▶ **TASK DETAILS**
Go through the listing below, count the lines that contain "with", and state the number alone.

▶ **RECORDS TO PROCESS**
◇ ◇ ◇ ◇ ◇
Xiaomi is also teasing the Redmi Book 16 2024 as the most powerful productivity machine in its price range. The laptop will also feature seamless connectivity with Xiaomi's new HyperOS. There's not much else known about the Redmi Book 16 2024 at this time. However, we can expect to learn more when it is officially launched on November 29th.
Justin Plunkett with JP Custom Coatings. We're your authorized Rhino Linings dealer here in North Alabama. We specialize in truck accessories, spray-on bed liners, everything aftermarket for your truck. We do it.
◇ ◇ ◇ ◇ ◇
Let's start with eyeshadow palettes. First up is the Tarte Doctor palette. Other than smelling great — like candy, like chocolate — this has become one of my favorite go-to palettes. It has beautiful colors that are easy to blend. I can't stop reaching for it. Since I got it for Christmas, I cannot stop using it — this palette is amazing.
◇ ◇ ◇ ◇ ◇
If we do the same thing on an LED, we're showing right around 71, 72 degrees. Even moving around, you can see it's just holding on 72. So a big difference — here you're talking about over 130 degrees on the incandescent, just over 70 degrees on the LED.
◇ ◇ ◇ ◇ ◇
▶ **REPLY TO THE TASK**
3